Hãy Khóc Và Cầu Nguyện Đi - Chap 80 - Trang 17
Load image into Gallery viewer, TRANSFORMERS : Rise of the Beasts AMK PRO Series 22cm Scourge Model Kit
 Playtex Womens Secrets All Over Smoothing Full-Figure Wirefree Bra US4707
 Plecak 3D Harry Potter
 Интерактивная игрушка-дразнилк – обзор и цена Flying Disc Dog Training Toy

§ WHAT YOU NEED TO DO
Reproduce the full listing above, keeping every line intact.

§ RESPONSE
Hãy Khóc Và Cầu Nguyện Đi - Chap 80 - Trang 17
Load image into Gallery viewer, TRANSFORMERS : Rise of the Beasts AMK PRO Series 22cm Scourge Model Kit
 Playtex Womens Secrets All Over Smoothing Full-Figure Wirefree Bra US4707
 Plecak 3D Harry Potter
 Интерактивная игрушка-дразнилк – обзор и цена Flying Disc Dog Training Toy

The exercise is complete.